By Paul Acquaro
I had barely received the email announcing the release of Kalabalik and I was immediately trudging through the depths of NYC to the Downtown Music Gallery in search of it.
A man possesed, no doubt.
But not without good reason. I was at the first two shows that brought the Scandinavian guitarists together in NYC that previous winter and had fond memories of both events. Equally exploratory and hard hitting, theirs was a sound I longed to hear again.
Now, with disc in hand and sound flowing through the ears, I must say that the post production work on this is fantastic. The live sound was of course just fine as the trio of Raoul Björkenheim, Anders Nilsson and Gerald Cleaver got together as a unit for the first time; however, this release has mixed the in-store concert performance to sonic perfection.
From the initial crunch of the guitars and snap of the percussion, the listener is in for a treat.

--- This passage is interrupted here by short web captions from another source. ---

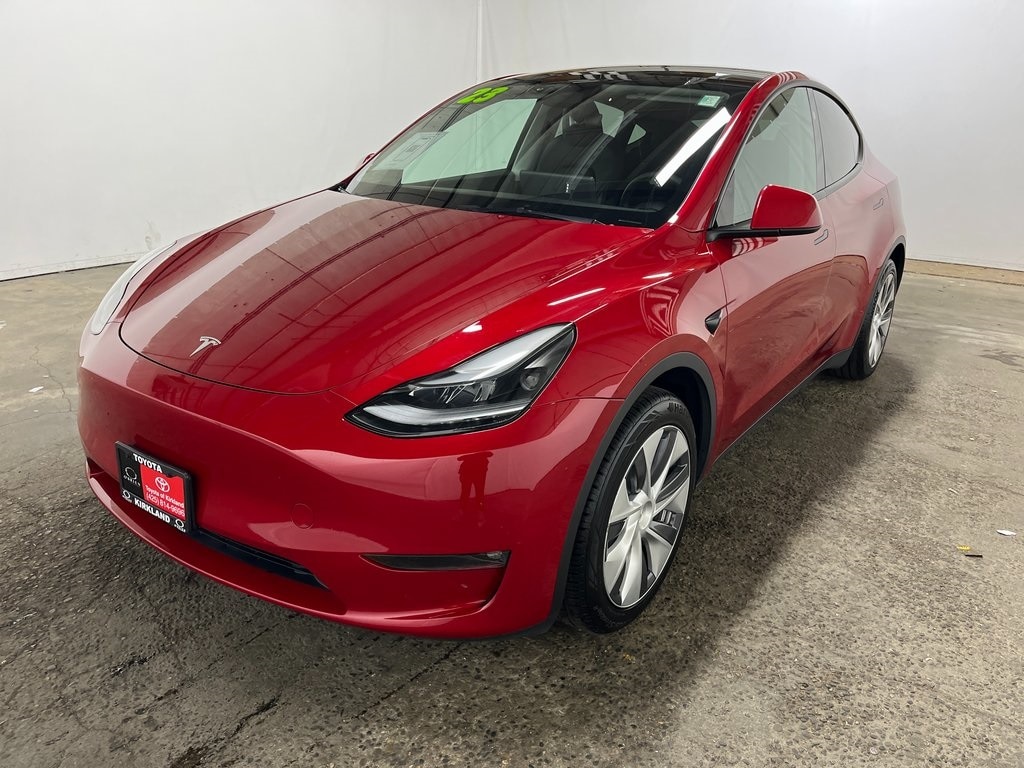 2023 Tesla Model Y Long Range's photo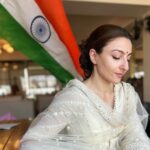 Soha Ali Khan Instagram - Happy Republic Day! May the spirit of democracy and freedom flourish in our land and may we all work towards a future filled with progress and unity #happyrepublicday #jaihind🇮🇳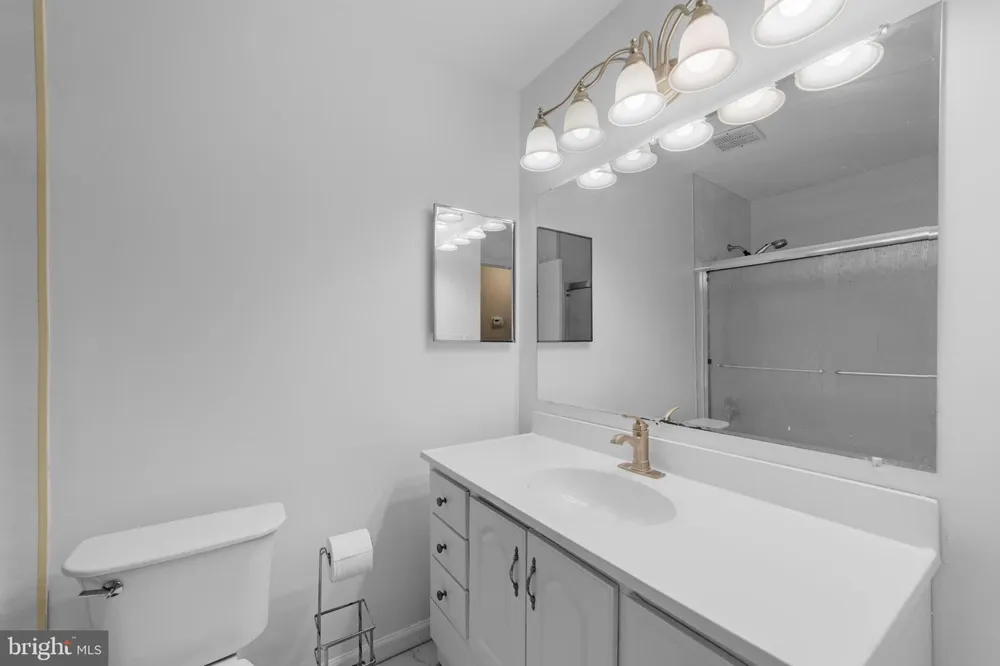 5 FOREST PARK TERRACE Monroe Township, NJ 08831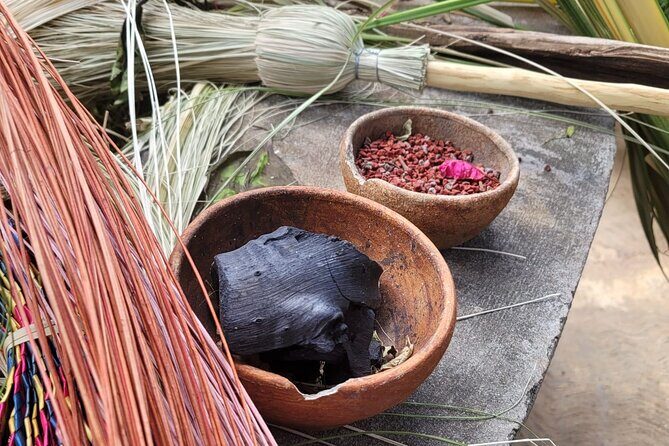 Private Artisans Tour to Piramides Oxkintok and Cenote San Ignacio - Exploring the Private Artisans Tour to Oxkintok and Cenote San Ignacio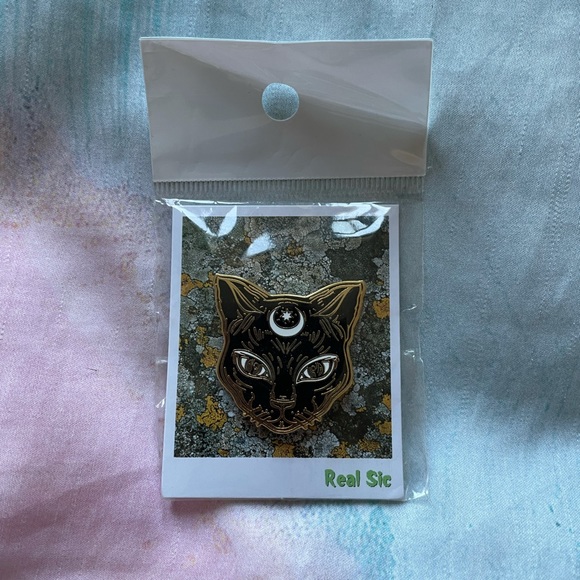 Witchy Black Cat Pin - Picture 1 of 2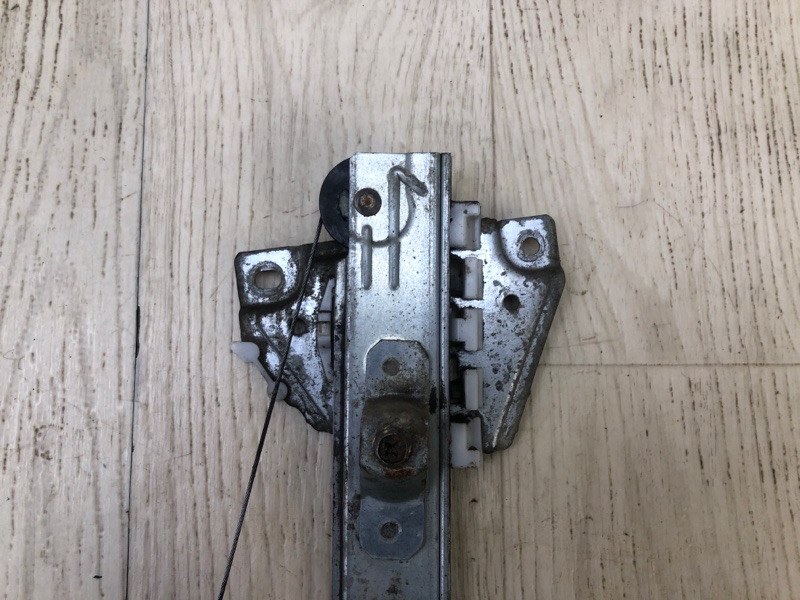 Стеклоподъемник задний правый SUZUKI GRAND VITARA 05-15 Внедорожник 2.0 J20A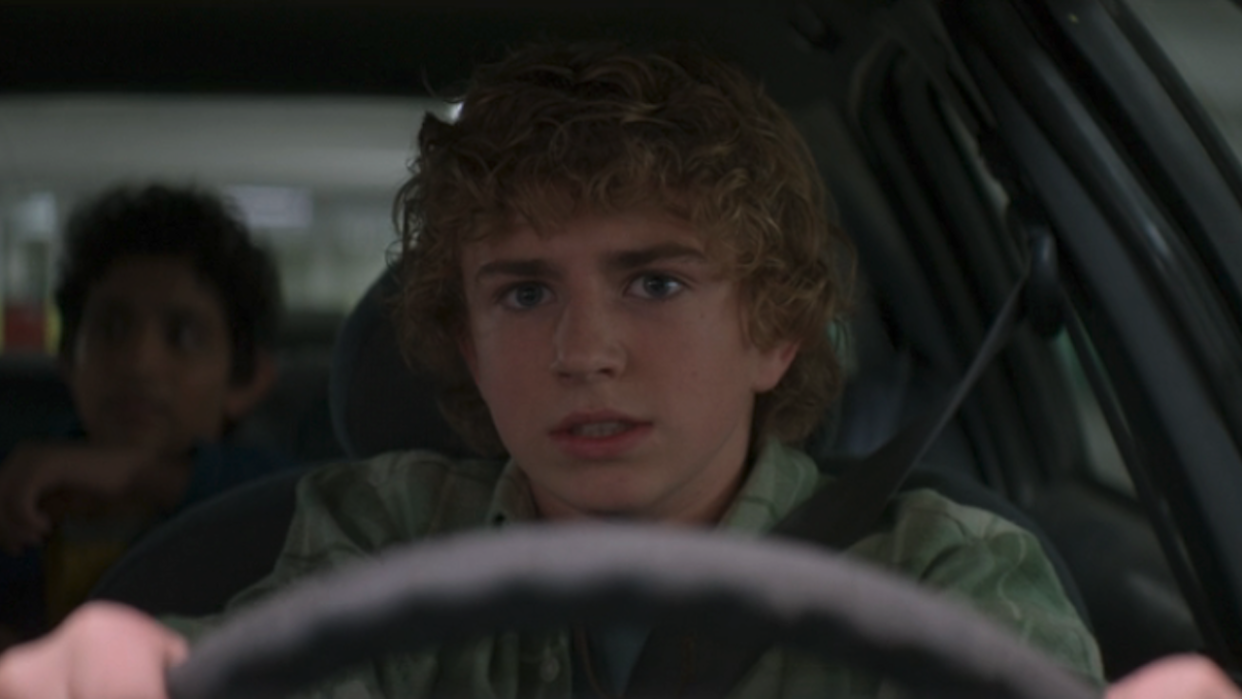  Walker Scobell driving taxi in Percy Jackson episode 6. 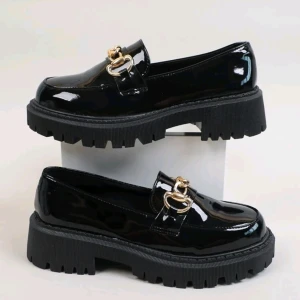 Loafers - Har endast använts 2-3 gånger. De är i väldigt bra skick. 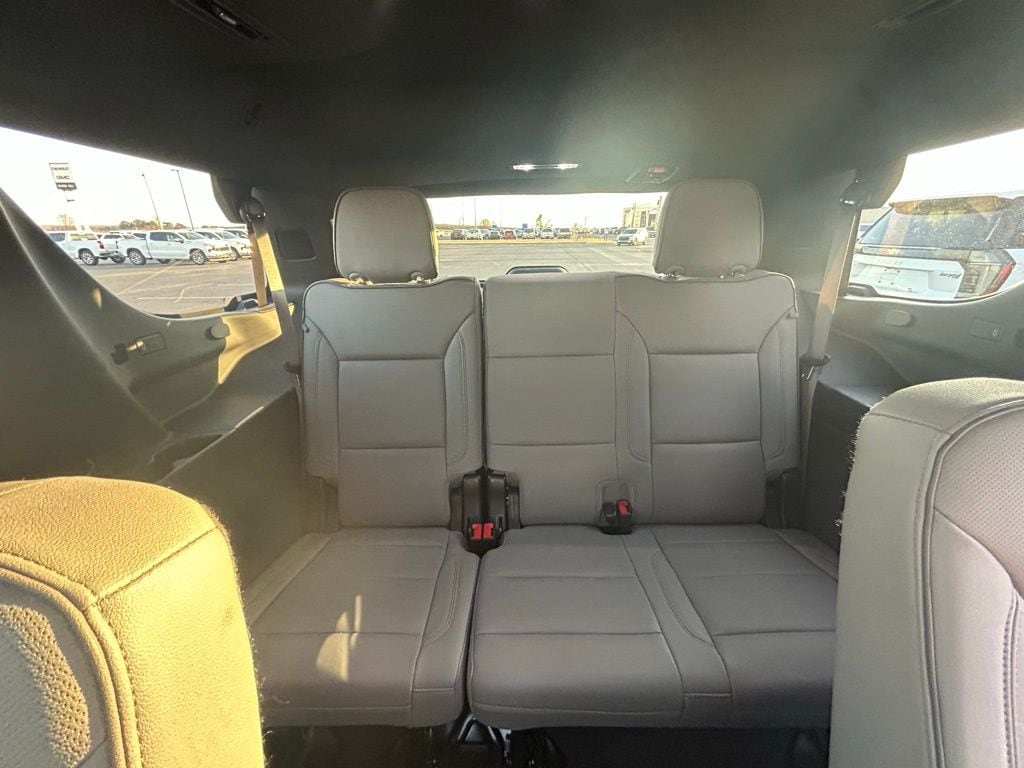 2022 GMC Yukon SLT - Photo 22
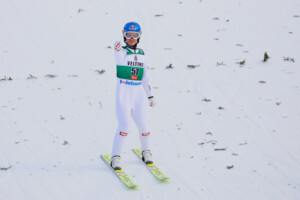 Johannes Lamparter (AUT) führt nach dem Springen.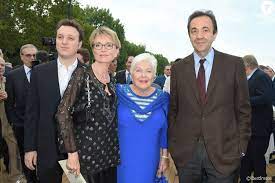 La biotech française abivax arrête son essai clinique. Line Renaud Claude Chirac Son Fils Martin Rey Chirac Et Son Mari Frederic Salat Baroux Soiree Du 90e Anniversaire De Line Renaud Sur Le Bateau Potel C Purepeople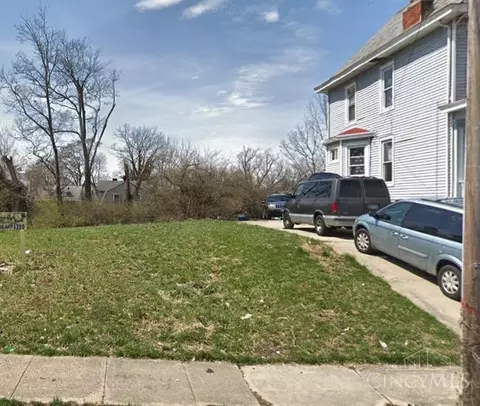 1651 Iliff Ave, Cincinnati, OH 45205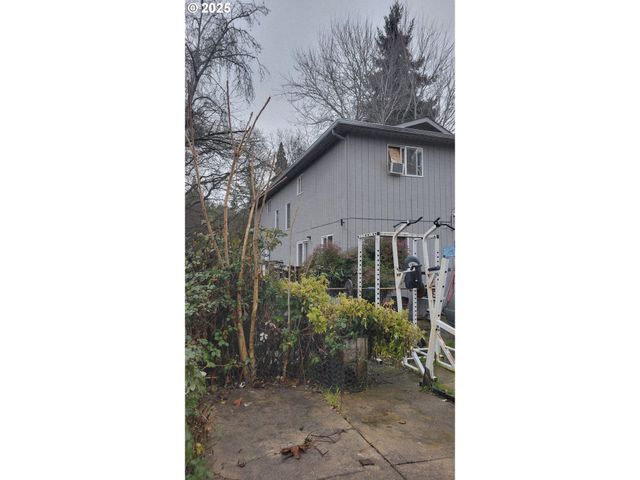318 Ne HOWLAND St, Myrtle Creek, OR 97457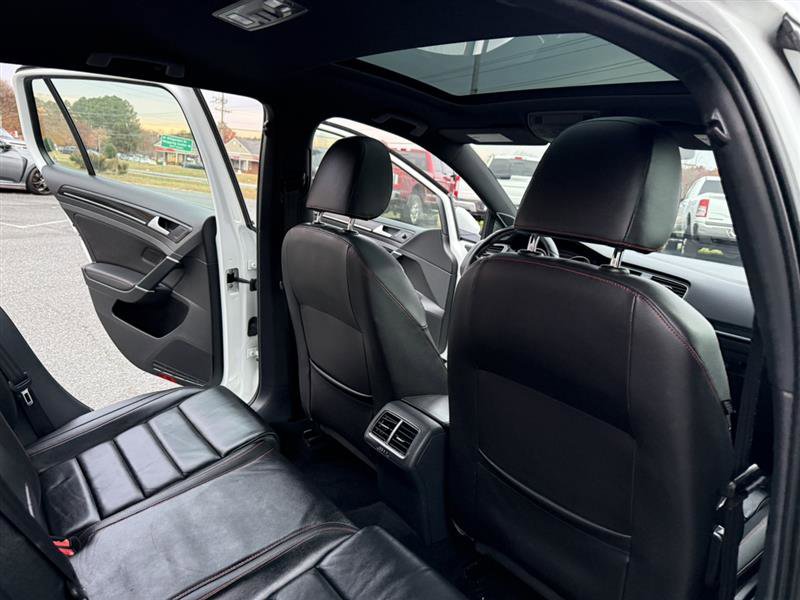 Used 2015 Volkswagen GTI Autobahn w/ Lighting Package (SEL) image 18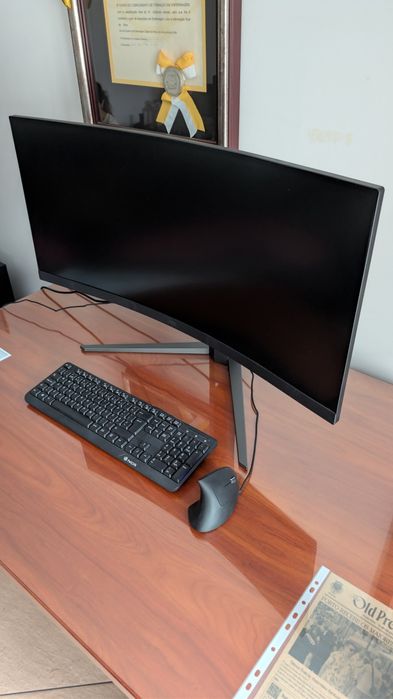 Monitor Gaming curvo AOC 34” cu34g4 180 hz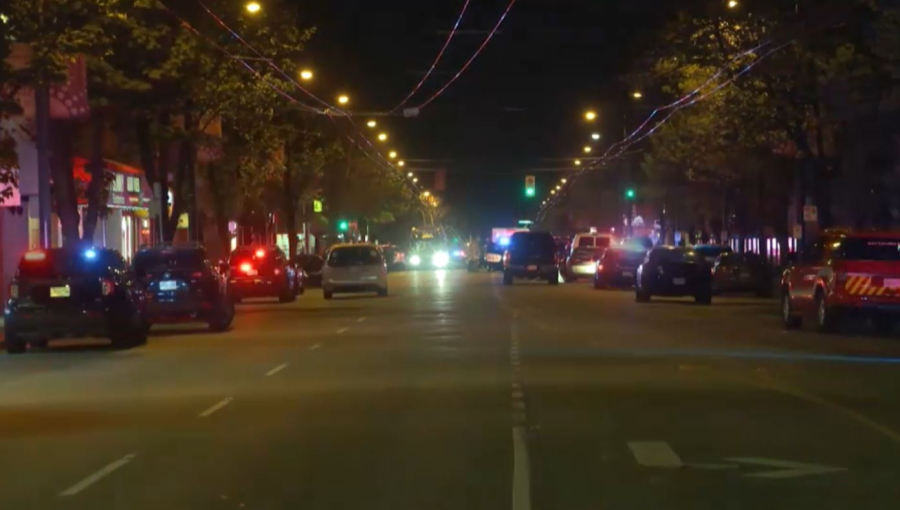 Ванкуверде бәзбіреу көлікпен бір топ адамды қағып кетті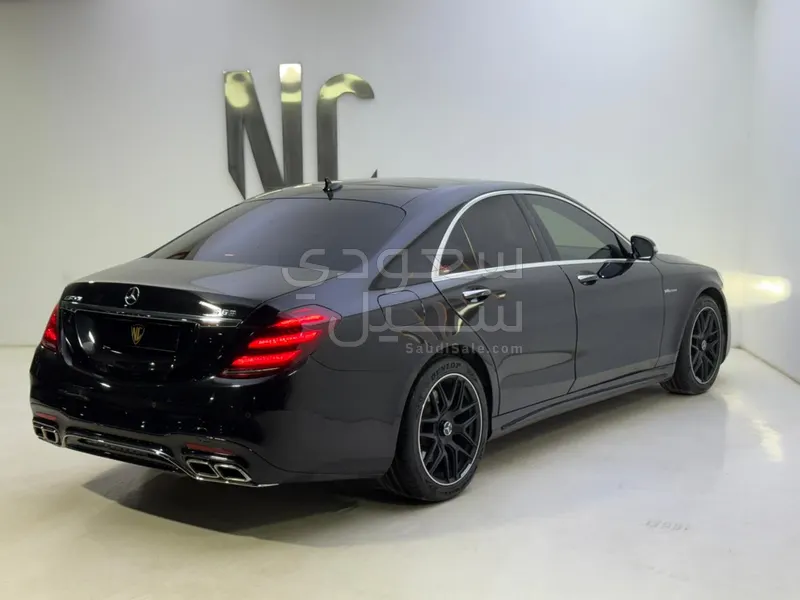 2015 مرسيدس - بنز إس 400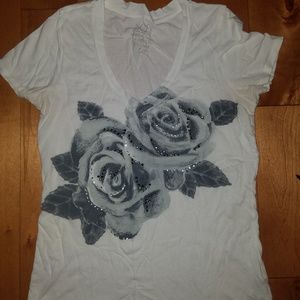 White flower tee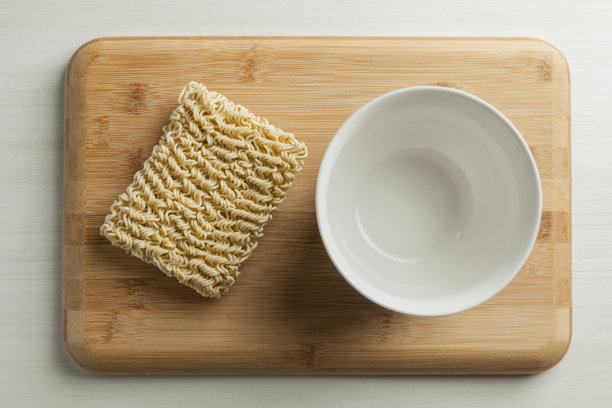 拉面是用碗和筷子放在桌子上的。图片下载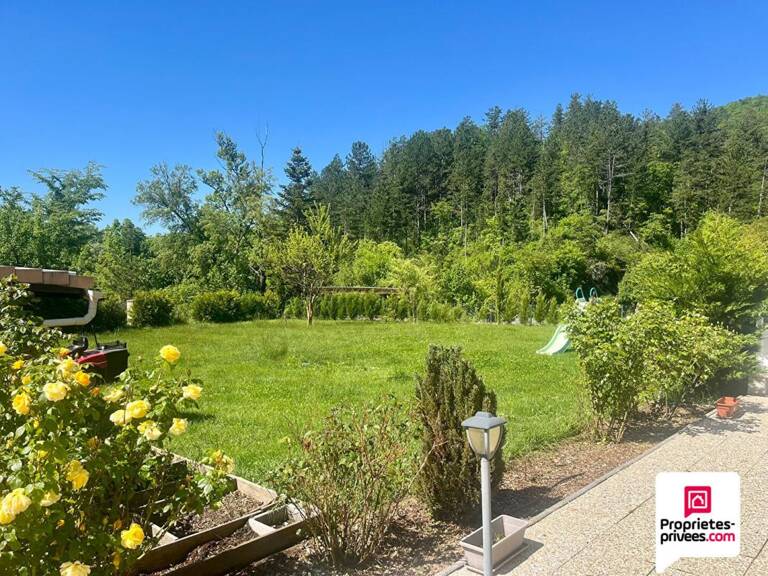À l'abris des regards- maison 5 pièces sur terrain plat, à découvrir ! — photo 1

The two guitarists play solid body electrics and it's a raw unfettered sound that rings out as the two trade lead and rhythm places in their free jazz/rock exploration.
We can start anywhere really, but the interaction is not just between the two guitarists, they also mesh expertly with Cleaver's percussion. Listening to just the CD one would suspect that the songs were planned out in detail.
The first song, 'Spiraling Skies', is a piece that incorporates bits of psychedelic rock, tough rhythms and spacious textural excursions. Cleaver's drums are a constant, giving an extra pulse for the guitarists to work off, but it's a three way conversation, each one listening, reacting, provoking, agreeing and disagreeing.
Later in the program, 'Robot Tango' begins with a free exchange of processed tones and snarling snippets of melody. It rapidly coalesces into a lurching groove, hewing close to a fragmented metallic theme.
'Incarnation' finds the group starting off tentatively, the guitarists prodding the sonic-scape but soon growing ever more dense, invoking a sound not unlike the buzzing bees of Miles Davis' 'Go Ahead John'. In fact, that may be why I like this album so much, it draws from the deep well of primordial brew of inspiration that still emanates from Davis' 70's output.
'Saga Raga' is the closest they come to a contemplative space. Nilsson's slide working around Björkenheim's arpeggios. Cleaver lays low, providing a delicate underlayment, as the group slowly gels into a spacious groove. This spaciousness extends to the end if the album, the last song 'Descension' an evocative ballad, closing the set with a cathartic sigh.
The music captured here is delightful and rendered crystal clear. I come back to the recorded sound because the tonality of the instruments is so tight that from the crunch of the amps to the splash of the high hat, it all blends so well.
If you too find your way to the Downtown Music Gallery, duck as you head down the stairs.